When setting up your development environment, there are a lot of moving parts. So before we get into the setup let's start with an overview of what all the pieces are and why you need them. Here are the pieces that you will have set up by the end of this document:

  • The local Django application.
  • The local react application.
  • A Heroku app that serves as both a QA environment and as a gateway for working with Slack in your dev environment.
  • A Slack Workspace. Because it is impossible to adequately simulate Slack locally we have to set up our own workspace to interact with.
  • A local Django background_task runner.

Here is a simplified version of what you're about to set up: (This is mostly a placeholder image that we'll improve upon later.)
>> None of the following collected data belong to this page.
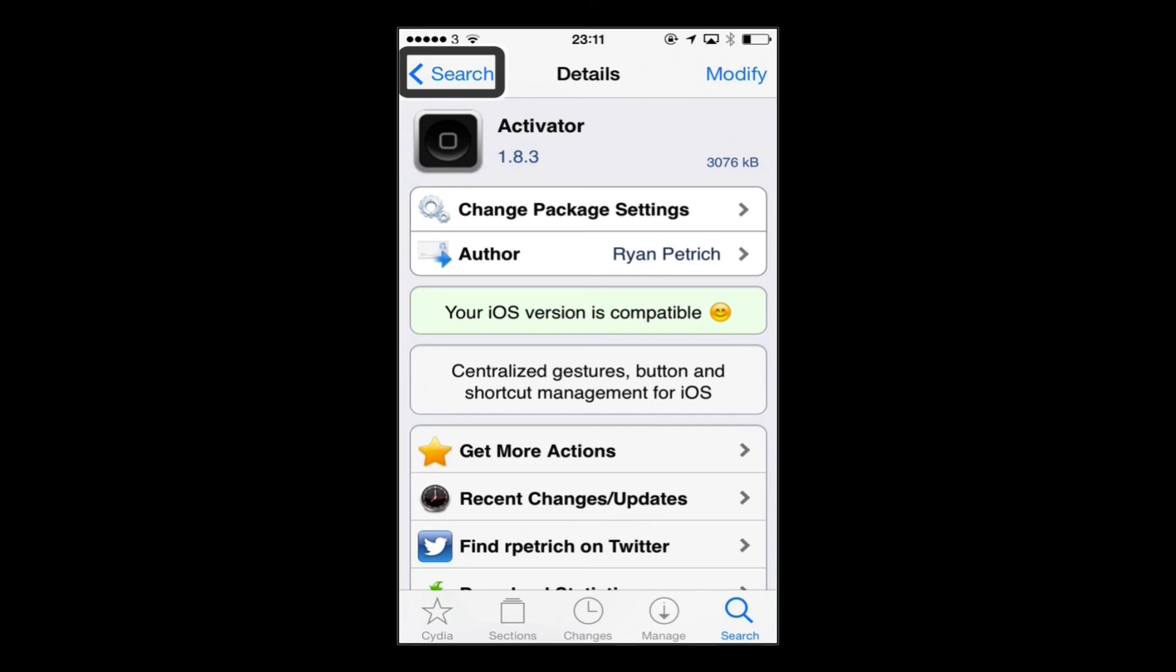Hiya, Dave here. So if you're new to jailbreaking, one of the first things you're going to want to do is go get Activator in Cydia. It's a free tweak by Ryan Petrich and is one of those that's probably on just about every jailbroken iOS device.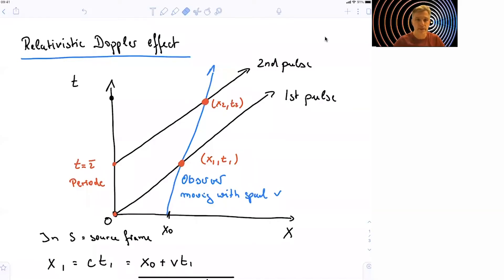Welcome back to A20, Special Relativity. In this section, we're going to talk about the relativistic Doppler effect, and we make good use of our space-time diagrams, which we discussed earlier.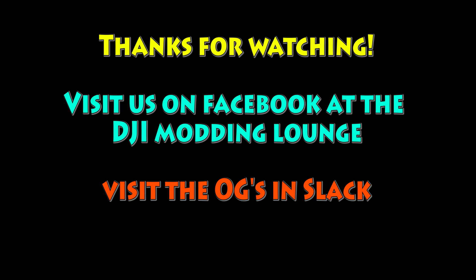Now if you guys want more information, check out our DJI Modding Lounge over Facebook, or visit the OGs in Slack. Take care, guys.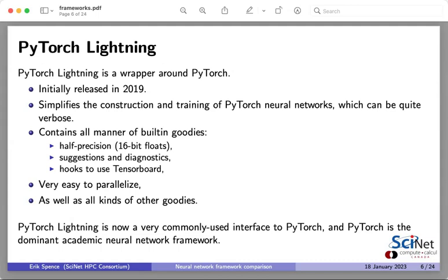There was a question about whether PyTorch has become independent from Facebook lately — I think that is true, but I'm not totally sure. Someone else will have to check that. PyTorch has become a known independent piece of software, and it was all open source to begin with anyway.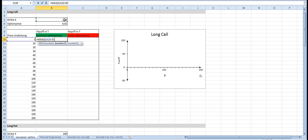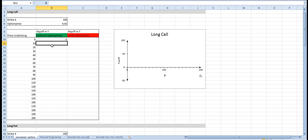We fix that strike price with F4, close the parenthesis, and copy it down.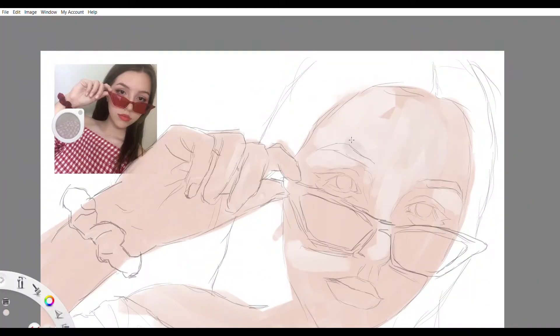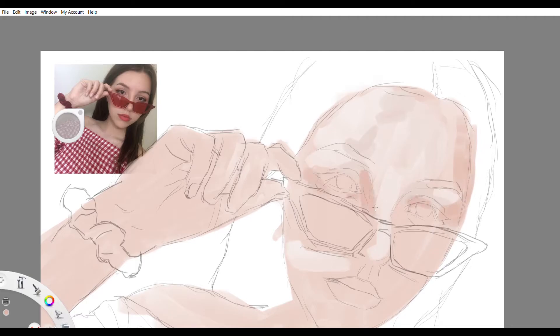For digital painting, I use Autodesk Sketchbook, which is really great because it's free right now.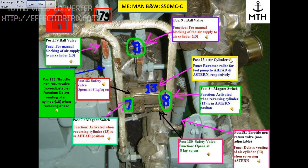This block is position number 13, which is an air cylinder. The function of the cylinder is to reverse the roller for the fuel pump to head and stern respectively.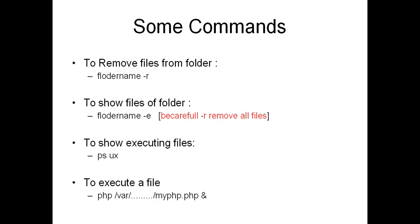To show executing files, enter ps space ux. It will show you the executing files.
So why is this so complicated? Well, we are building a Slack bot and the only way to be sure that you are building the right thing is to actually interact with a real Slack workspace, thus you really need to set up your own Slack workspace for development and QA. The additional problem is that Slack requires you to set up 3 different hooks – URLs that that Slack will send messages, commands, and interactions too. How do you point that traffic to your laptop during development? One way is to expose your local ports on the internet via a tunneling service (ngrok, localtunnel, and friend) and then every time you want to develop, you re-point your Slack workspace to the new endpoints. This is cumbersome. Instead, we have set up a (clever/horrible) development passthrough so that your development Slack can be pointed permanently to your development Heroku application and the Heroku application can be easily instructed to pass through all traffic to your local development server. It's complicated to set up and understand, but after you've done it once, you don't have to think much about it any more. Additionally your Slack/Heroku setup serve as really great QA environments as exemplified in the deployment docs.

Requirements

  • python >= 3.8 & pip3
  • node >= 8.0 & npm >= 6.3

Setup

Clone the repo: git clone https://github.com/penny-university/penny_university.git

Set up Django environment:

  • Create virtual env (named venv, otherwise it will not be ignored by Git)
  • Install requirements:
    • pip3 install -r requirements.txt
    • pip3 install -r dev-requirements.txt
  • Stick this in your environment: export DJANGO_SETTINGS_MODULE="penny_university.settings.dev"
  • Run migrations: ./manage.py migrate
  • Bootstrap database with forum data: cat dev/penny-university.mbox | ./manage.py import_google_forum --to_database --live_run
  • Check:
    • Run the server (./manage.py runserver) and load the homepage.
    • Run the shell (./manage.py shell) and make sure there's data (PennyChat.objects.all())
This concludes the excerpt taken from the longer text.